*What is required*:
Reproduce the listing below exactly, except for its pictures.

*Dataset content*:

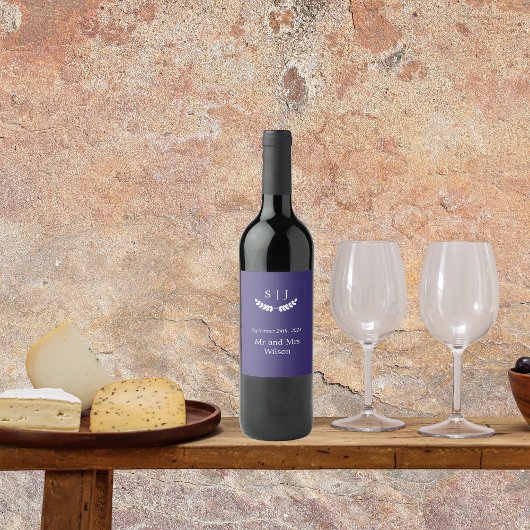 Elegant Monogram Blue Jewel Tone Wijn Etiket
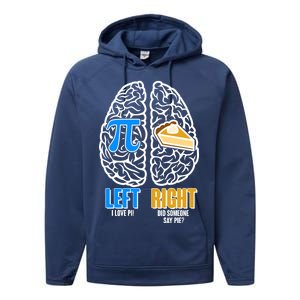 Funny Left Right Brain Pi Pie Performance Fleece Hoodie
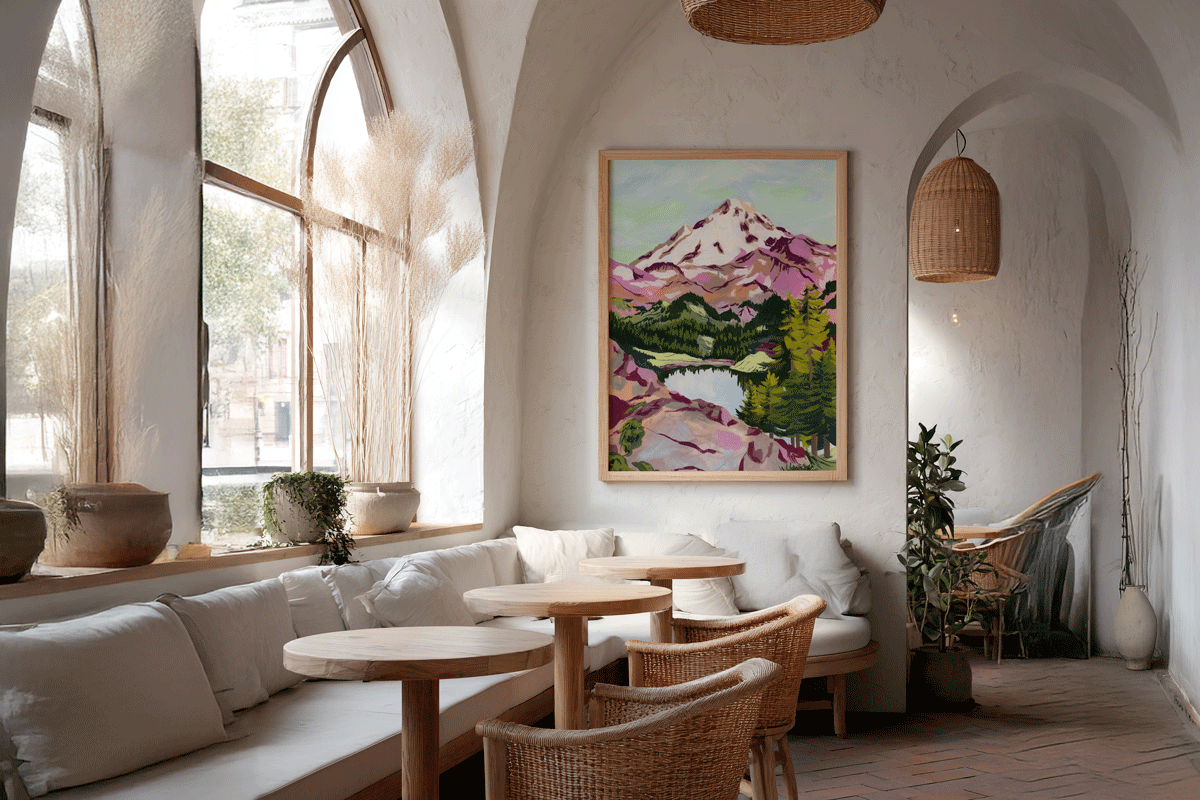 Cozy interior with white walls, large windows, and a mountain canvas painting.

*Solution for this task*:
 Elegant Monogram Blue Jewel Tone Wijn Etiket
 Funny Left Right Brain Pi Pie Performance Fleece Hoodie
 Cozy interior with white walls, large windows, and a mountain canvas painting.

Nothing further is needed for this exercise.